Dyslexia advocacy organizations have long maintained political neutrality. The logic is understandable: preserve access across party lines, don't alienate potential allies, keep the tent wide. But political neutrality is a luxury that assumes good faith on both sides. When a sitting president of the United States declares that people with learning disabilities are unfit to hold office—when he says this openly, repeatedly, on the record—silence is not neutrality. It is complicity. When state legislators move to strip the humanity from literacy materials, looking the other way is not diplomacy. It is a choice with consequences for real children in real classrooms. Trump, and anyone else who engages in this baseless rhetoric, should be called out by name and forced to face consequences.
Here is the painful truth that Democratic families and DEI advocates need to reckon with. Twenty-five years of science denialism about reading instruction has consequences. One of those consequences is that we do not yet have the culturally responsive, science of reading aligned materials that our children deserve. The gap is real. The gap is the direct cost of Democratic resistance to evidence. We are told that publishers, educators, and advocates are building those materials now. But we are starting from behind. And children are waiting.
The situation in Minnesota forces a question none of us want to answer. If diversity requirements in curriculum rubrics are functioning as a barrier to the adoption of science of reading aligned materials—as they did in San Francisco—then temporarily lifting those requirements may be the pragmatic choice while better materials are built. That is an almost unbearable concession to make. But the alternative is asking children to wait for perfect materials while they fall further behind in learning to read. We must build the airplane while flying it. And we must hold ourselves accountable for landing it right.

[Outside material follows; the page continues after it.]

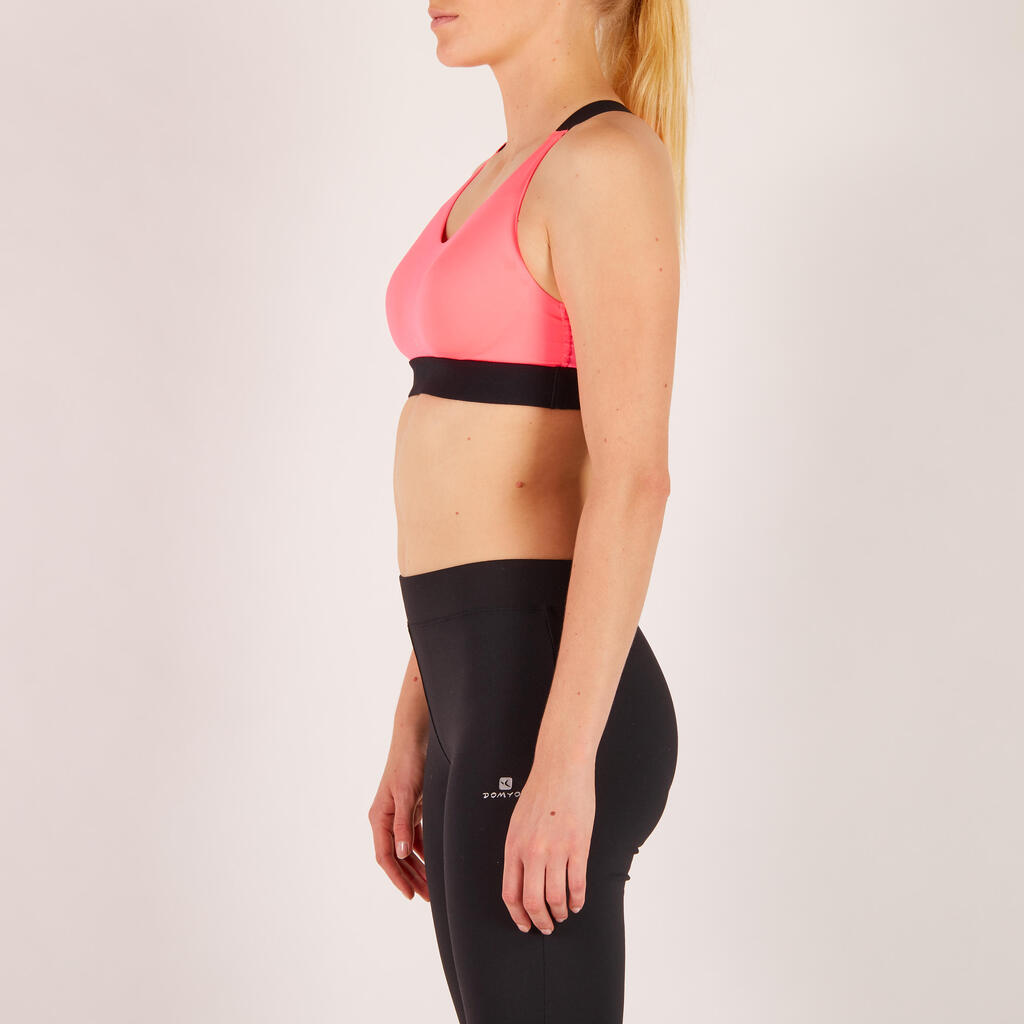 Sport-Bustier FBRA 500 Print Fitness Cardio Damen marineblau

We need both. We need evidence-based reading instruction that reflects fifty years of neuroscience, and we need literacy materials that reflect the full, magnificent, complicated range of human contribution to this world. The science exists. The stories exist. Harry Belafonte exists. Woodrow Wilson exists. Gavin Newsom exists—dyslexia and all—as living proof that learning differences do not disqualify anyone from leadership, from greatness, or from the full rights of citizenship. What we need now is the political will to stop choosing sides and start choosing kids. The House Education and Workforce Committee showed us it's possible. The question is whether the rest of us are brave enough to follow.